そこまで考えたところで、ピペタの耳に、ラヴィの言葉が入ってくる。
「あの屋敷が燃えたのも……。『魔女』の呪いなのでしょうか」
言われているような『魔女』の怨念が『魔女の遺跡』に残っているとしても、それが屋敷そのものに向けられるというのは、理屈が合わないだろう。それでもラヴィが、こんな発言をしてしまうのは、それらしき事件が立て続けに起こったからかもしれない。
ピペタと同じようにウイングも考えたらしく、一連の事件を総括するかのように、ウイングが述べる。
「自殺ということになったファバに続いて、他の三人の少年たちも死亡……。ファバの父親であるレグも少し前から行方不明ですし、他の親たちのうち三人だって殺されたわけです」
実際にはレグだけでなく、今回ファバが呪われたという話を大衆紙で広めたディウルナも、レグと同じ夜に殺されているのだが……。ディウルナはニュース屋という仕事柄、いつも色々と走り回っていたため、まだ誰も彼女の失踪には気づいていないのだった。

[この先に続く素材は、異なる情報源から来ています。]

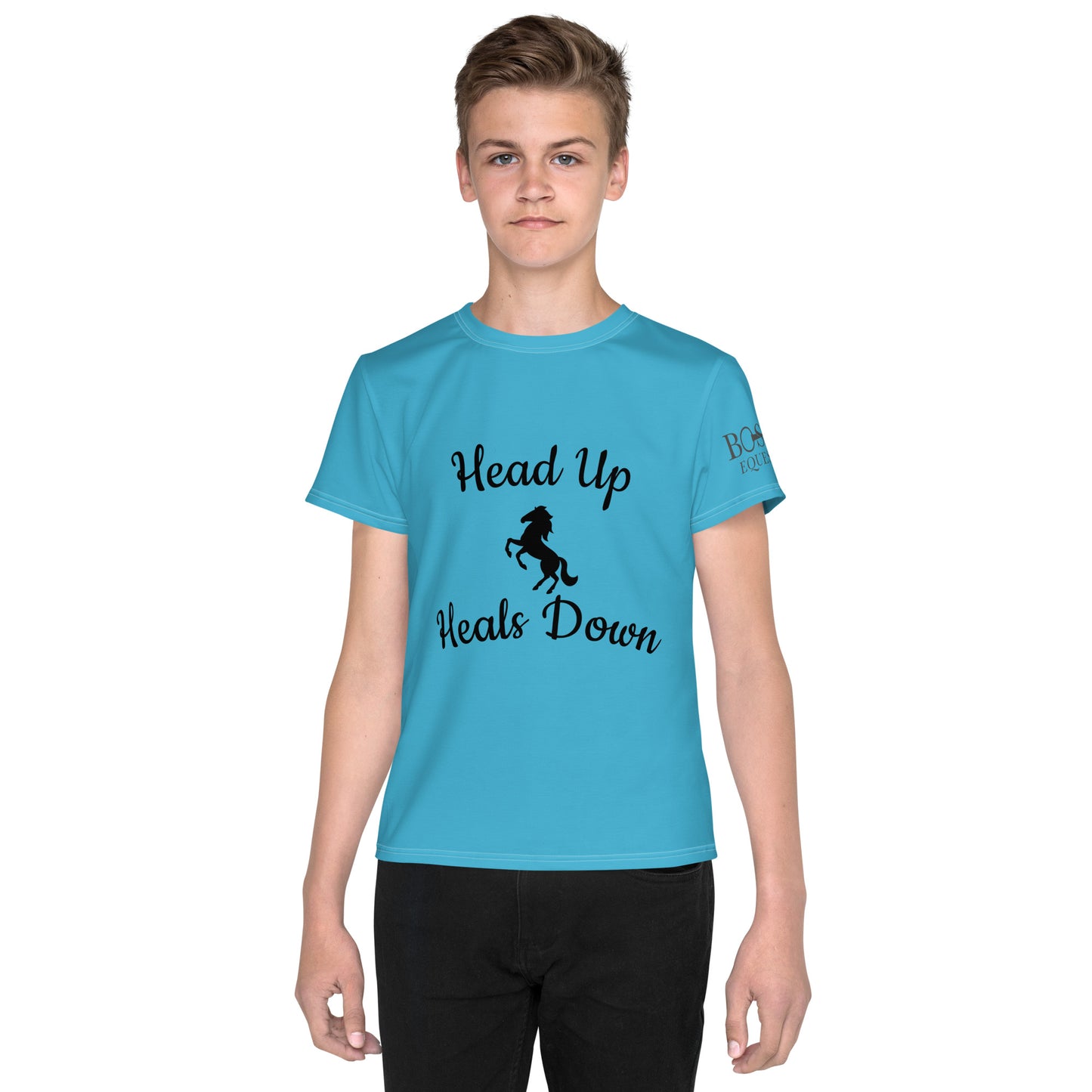 Head Up and Heels Down Logo/Sleve Youth T-Shirt
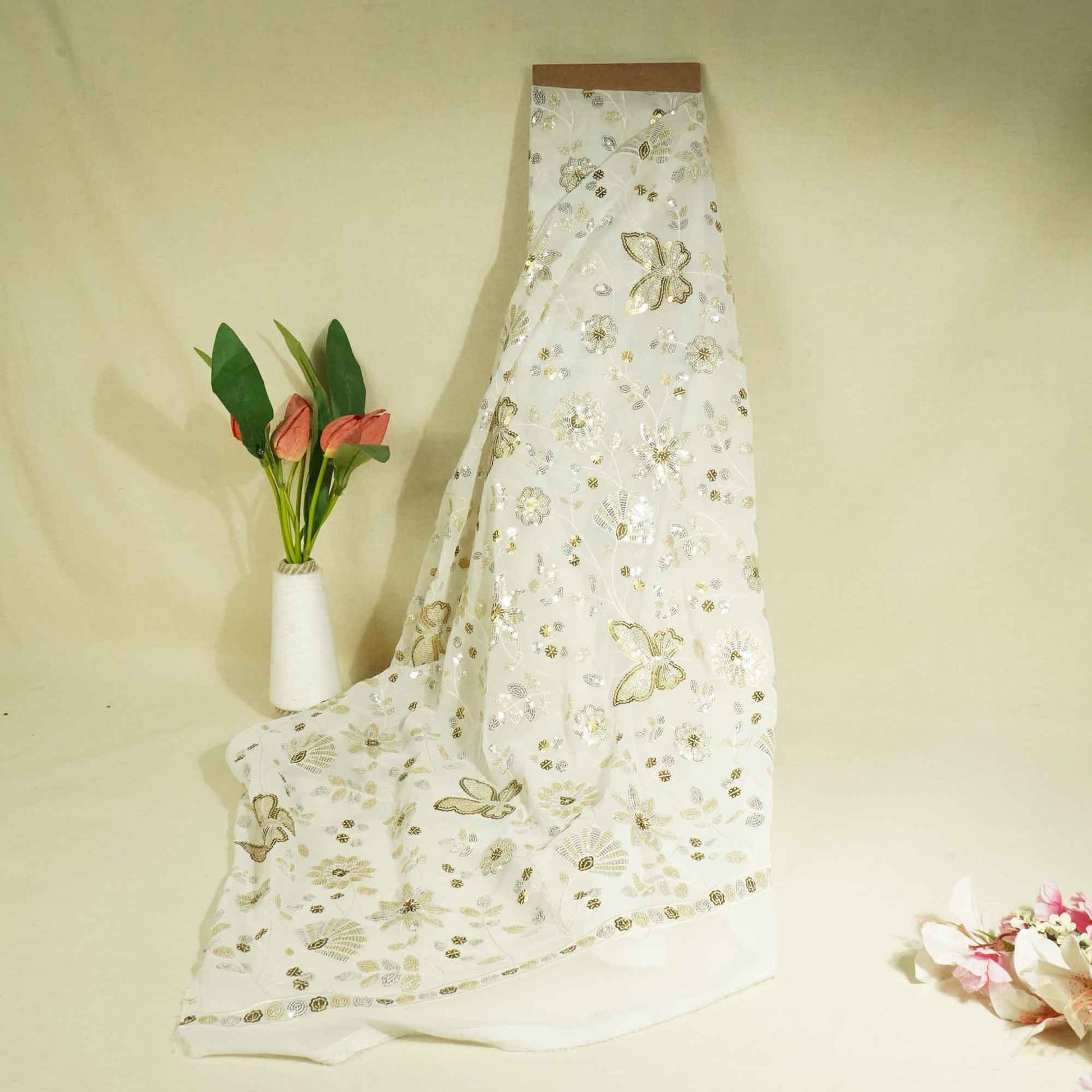 White Floral Golden & Silver Sequence Embroidery Dyeable Georgette TU-7828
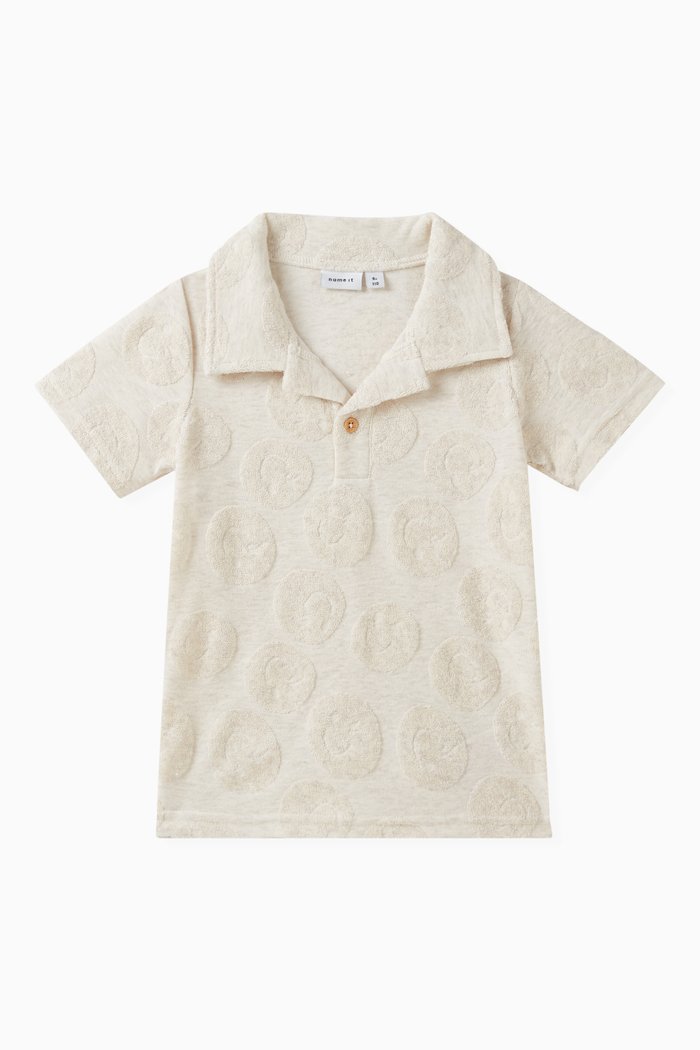 Smiley Face Polo Shirt in Cotton-blend, Green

「関係者の中で、グラーチの両親だけは現在ですが……。今頃は、戦々恐々としているかもしれませんね」
そんなウイングの言葉を受けて。
「でも、あの屋敷が燃え落ちたなら……」
ラヴィが、しみじみと呟いた。
「呪いの大元が消えたことになるから、もう『魔女』の呪いも、収束すると考えて構わないのでしょうか」
――――――――――――
それから一週間ほど経った頃……。
モノク・ローが『投げナイフの美女』として働く『アサク演芸会館』では、いつものように、その日の出番を控えた多くの芸人たちが、楽屋に集まっていた。
そんな彼らの噂話が、壁際に佇むモノクの耳にも入ってくる。
「そういえば最近、あのニュース屋、見なくなったなあ。以前は、しつこくモノクさんの後を追っかけていたのに……」
「ああ、ディウルナという名前の女だろう? 確かに、しばらく見てないねえ」
モノクの名前も挙がっているが、だからといって、彼女自身は、その話に加わろうとはしなかった。それでも少し気になって、耳だけを傾ける。
「ディウルナってニュース屋なら、少し前に発行した大衆紙で、別の話を大きく扱っていたぞ。なんでも『魔女』の呪いに絡んだ事件だとか……」
ファバの事件を大衆紙で読んでいる者も、芸人仲間の中にいたらしい。その芸人が、横から噂話に参加していく。
「なるほど。だから、こっちには来なくなったのか……。今は、そっちにかかりっきりってことかい」
「でも、その呪いの話も、それっきりなんだよなあ。続報を匂わせる感じの記事だったのに……」
「ニュース屋の関心なんて、そんなものかもしれないねえ。ほら、ただでさえ『女は移り気だ』って言うじゃないか」
そう言って、彼らは笑っている。
ディウルナの死体は、ゲルエイとモノクによって秘密裏に処理されたため、彼女が亡くなったことすら、誰も知らないのだ。この楽屋にいる者の中で、真実を知るのは、モノク一人だった。
誤解されたままなのは、少し可哀想かもしれない。
だが、自分一人だけでも正しく理解している者がいれば、それで十分ではないか……。
モノクは、そう考えてしまう。
「ニュース屋のディウルナ・ルモラか……」
ふと、ディウルナと知り合った経緯を思い出すモノク。
それこそ、ディウルナ自身が死に際に語ったように、あまり良い関わり合い方とは言えなかったはずだ。
それでも。
迷惑ではあったけれど、悪い人間ではなかった。
それが、モノクから見た、ディウルナの印象だった。
だから。
「貴様のことは、いつまでも俺が、忘れないでいてやろう」
誰にも聞こえないくらいの小声で、そっとモノクは呟くのだった。